The Students are expected to present their findings in a powerpoint presentation to the entire class during the last class session(s). (See course outline for details.) The number of slides that makes for an effective presentation in the time allotted (about 15 minutes, unless you're informed otherwise in class) is about 10-15.

    • The powerpoint slides have to be submitted for evaluation.
    • Make sure that the essence of the presentation is contained in the powerpiont slides.
    • The presentation should make sure to provide the thesis of the paper and this should be clear in the slides, as well.
    • One slide should contain one idea -- if more than one idea is presented in one slide, there should be some thematic connection.
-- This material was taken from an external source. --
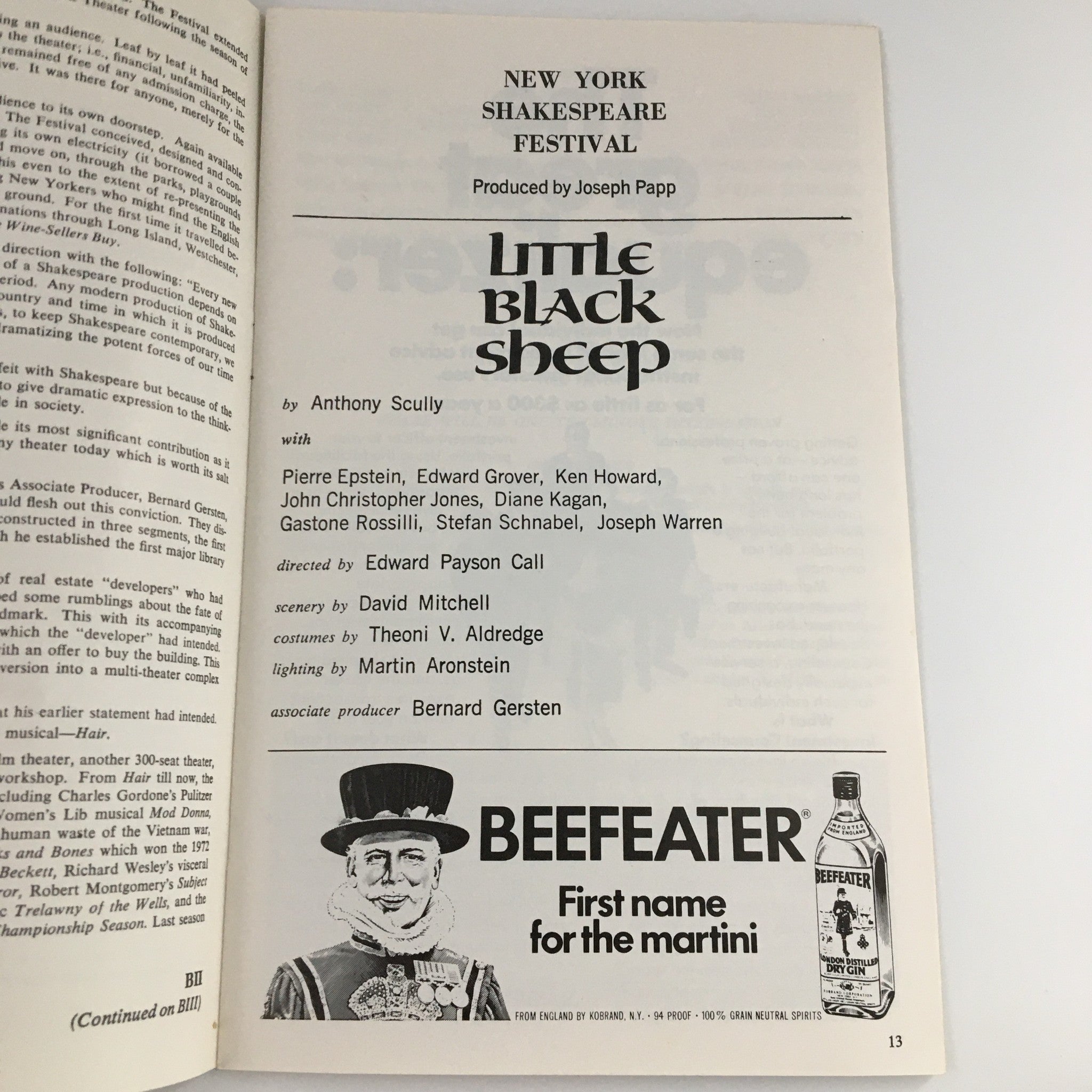 1975 Playbill Vivien Beaumont Theater Little Black Sheep Pierre Epstein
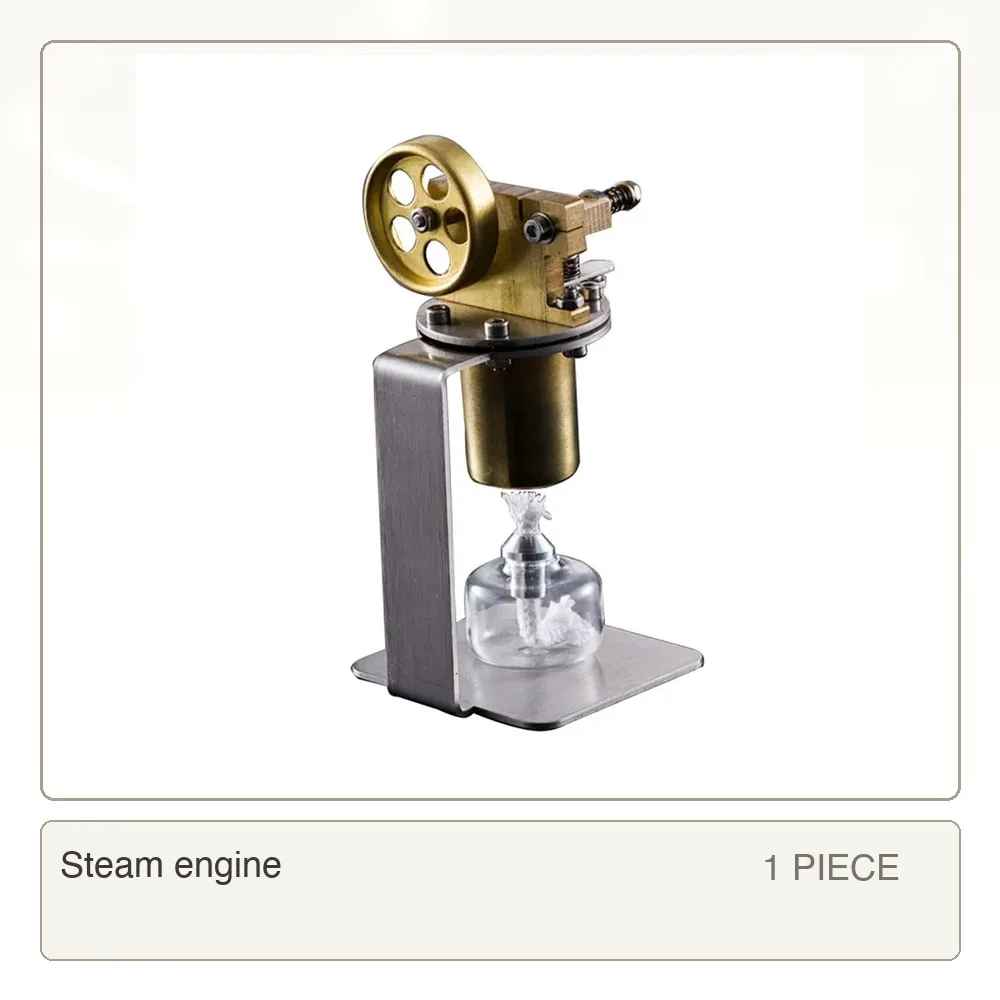 Stirling Steam Engine Model Mini Brass Boiler Alcohol Lamp Heating Scientific Production Experimental Model Toy Men Collectible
In any case, the amount of material in one slide should be limited and easily read.
    • Use bullets in your slides to present your points.

Topics to be discussed

  • Recent Indian Economic History and implications for the future
  • Indian economic development with emphasis on finance for the Bottom of the Pyramid and microfinance
  • Economic and Social history of Kerala and Mumbai
  • Introduction to Microfinance
    • Adverse Selection problems and how Joint Liability Groups can resolve those problems;
    • Moral Hazard problems and how Joint Liability Groups can resolve those problems;
    • Going beyond joint liability groups;
    • Gender and Microfinance

Grades


Your final grade will be determined as follows:

Factor 

Impact on grade

Online and Class Discussion

30%

Program Assessment Project

20%

Post-visit reports

30%

Term Paper and Presentation

20% (0% for undergraduates)

Final Exam

0% (20% for undergraduates)

Note that the minimum and maximum quantitative scores for plus and minus refinements to the letter grades will be at my discretion. These will be partly determined by the distribution of student scores within each letter grade category.   I place a high value on effort; at my discretion, I will raise your grade one notch if I feel that you have tried hard to satisfy all the requirements of the course.